Data provided —
───

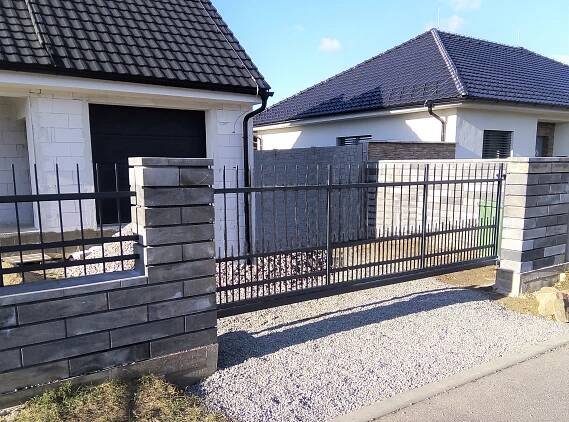 Brány, vrata, ploty - Kovovýroba Prustoměrský
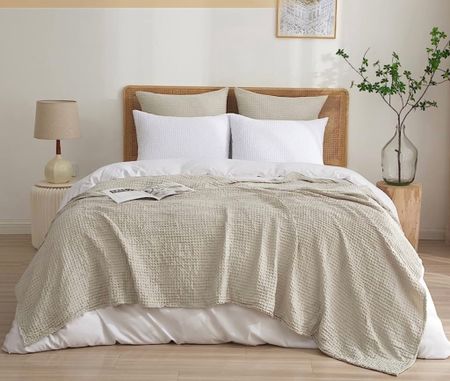 Waffle comforter in light khaki for our master. Super light, breathable and pairs well with the pumpkin colored sheets.  #primeday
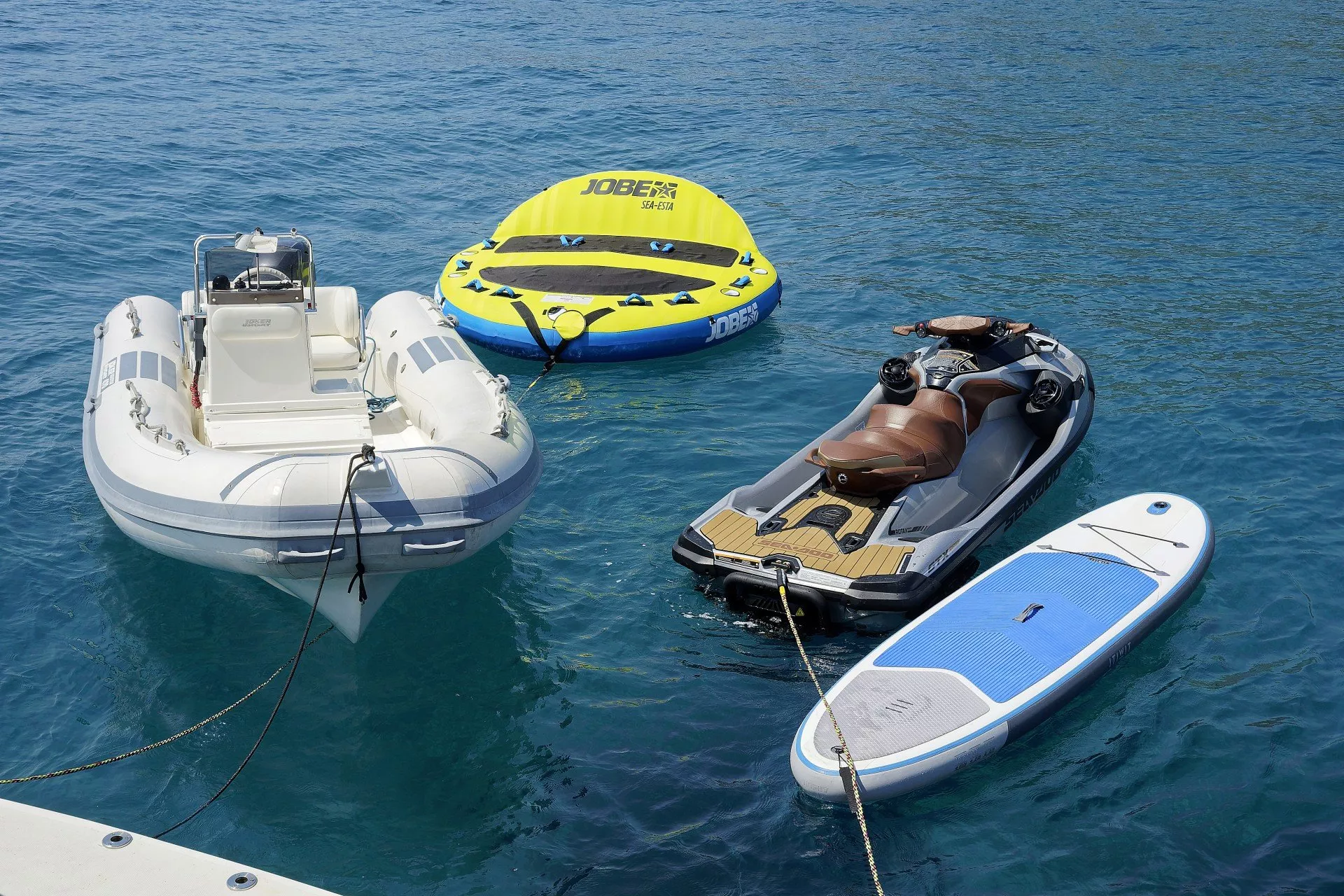 https://dev-api.arconyachts.com/storage/media/23498/conversions/706_0566445856-optimize.webp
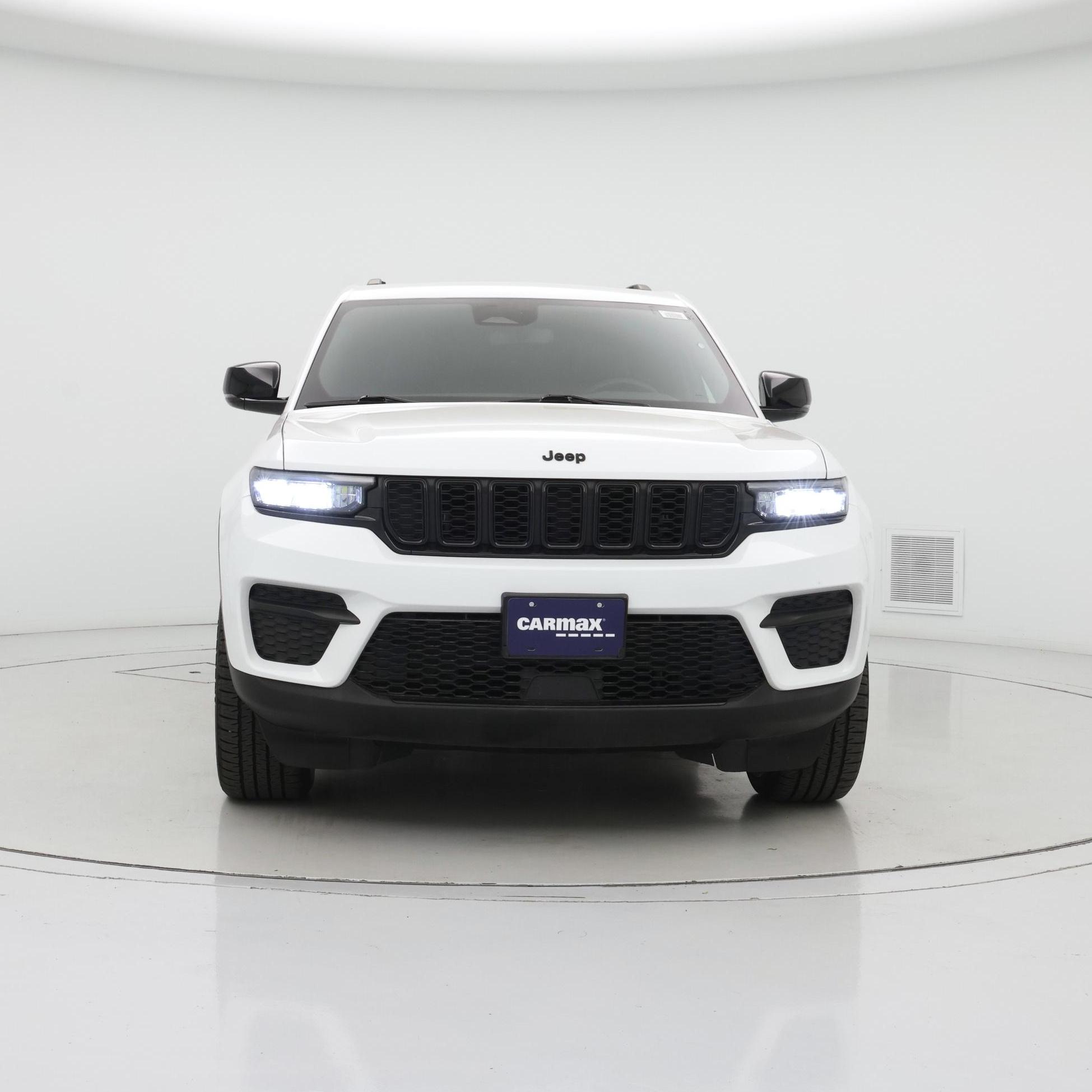 Thumbnail: 2023 Jeep Grand Cherokee - 5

───

Aim of the exercise —
Could you print the listing above exactly, without the pictures?

Answer section —
 Brány, vrata, ploty - Kovovýroba Prustoměrský
 Waffle comforter in light khaki for our master. Super light, breathable and pairs well with the pumpkin colored sheets.  #primeday
 https://dev-api.arconyachts.com/storage/media/23498/conversions/706_0566445856-optimize.webp
 Thumbnail: 2023 Jeep Grand Cherokee - 5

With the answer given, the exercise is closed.